While the Daily Mail is carrying a couple of stories about Rodial’s Arm Sculpt, The Daily Express sees fit to describe it as a ‘cream to give you arms just like Michelle’s (Obama)’. Michelle is extremely toned around the arm area and there is no way in the world a cream can be the cause of this, just in case you wondered. It’s down to gym time, pure and simple. What a cream can do is give you smoother skin, get rid of KP (that causes those little bumps) and make the area look more hydrated and possibly more toned. It won’t give you muscles. No way, no how. So, any thoughts of slapping on a cream and developing a presidential profile – banish them. Bearing in mind that the ASA gave Rodial a slap on the wrist for their Tummy Tuck Sticks earlier in the year, you’d think that maybe toning down the promises might have been high on the agenda. It promises to retexture and resculpt (but not, I might add, give muscle). I get the retexture bit, but not the resculpt. One of the ASA’s clear rules stated in their CAP code is that ads that should not contain claims that weight or fat can be lost from specific parts of the body. As far as I can tell, it’s the mainstream press who have given this product it’s airing and there aren’t any ads that I can find for it, so despite going against an ASA ruling, because there is no ad, there is no infringement. So, fair enough. And, in fairness, Rodial themselves haven’t said their cream gives you arms like Michelle O; it’s the media pictures of Mrs O next to pictures of Arm Sculpt that have and that lies at the door of the gushing press. And, the product does contain ingredients to deal with skin bumps, although their own stats claim that it only reduces skin roughness by 43%. Also from their site is this claim ‘Caffeine and coenzyme A stimulate the transformation of fat and transportation of fatty acids to firm and sculpt the upper arm area.’ I don’t actually know how to translate that into something meaningful. Fat transformation? I’ve never heard of it.
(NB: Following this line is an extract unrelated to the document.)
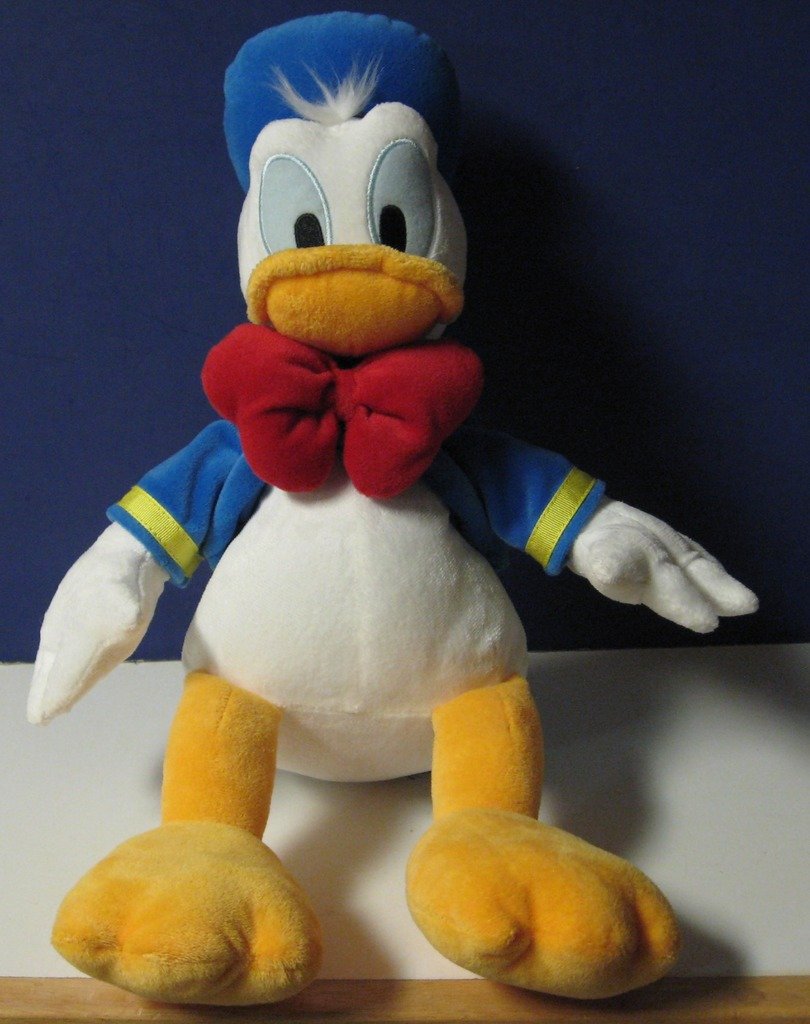 plush donald duck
Believe it or not, this post didn’t start off about the Arm Sculpt – there’s a newer product sitting on their site called Skin Bleach. Now, any right thinking person knows that the words skin and bleach when used in one sentence don’t really add up to anything desirable (in fact, all I can think about is poor Katie Piper but I will point out that was acid not bleach). But to be honest, it isn’t just Rodial who is on this whitening kick. Hyperpigmentation wasn’t even a word used in beauty when I started out. I think we’re crazy to even buy into it from any brand. Skin Bleach, when I researched the trademarking, comes under the US Trademark classification:
I don’t know enough about the intricacies of trademarking and product description to make a comment – this is for factual information only and is readily available on www.trademarkia.com. But, back on the Rodial site, there are no clinicals or stats to be seen. It’s a big name for a product that has yet to prove itself.
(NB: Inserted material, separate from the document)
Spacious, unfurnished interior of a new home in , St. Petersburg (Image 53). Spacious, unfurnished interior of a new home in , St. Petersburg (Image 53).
Even if whitening treatments worked on skin, who wants a face devoid of any pigmentation at all? Eerie, washed out faces mistakenly confusing white skin for youthful skin. It’s all wrong to me. Pigmentation is normal; some people can end up with excessive pigmentation problems due to over-sunning but that is never anything that a cream alone can deal with. I have some freckles, some pigmentation marking and I don’t care! Really do not care. They’re just part of my face.
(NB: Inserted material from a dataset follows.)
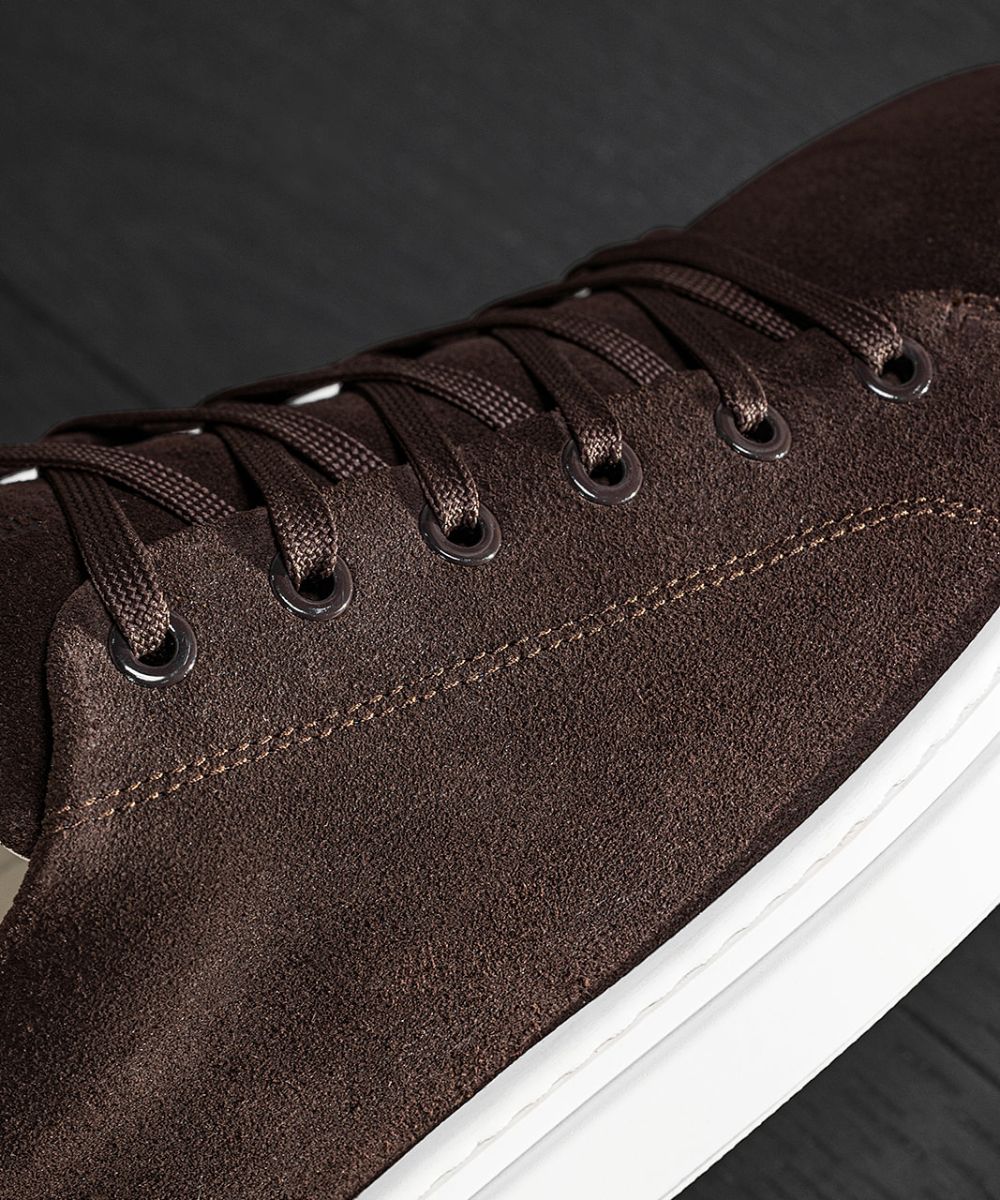 LT 01 Court Lite Suede Chocolate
Before it was hyperpigmentation, it was skin redness. Brands were careful not to label their products as a cure for rosacea, but ultimately that’s what they were getting at in their roundabout way. So, what’s the next flaw? We’re not luminous enough, white enough, tanned enough, thin enough or unwrinkled enough. We are, however, too red, too blotchy, too pigmented, too crinkled, too pale, too tanned and too, er, normal. Sometimes I despair.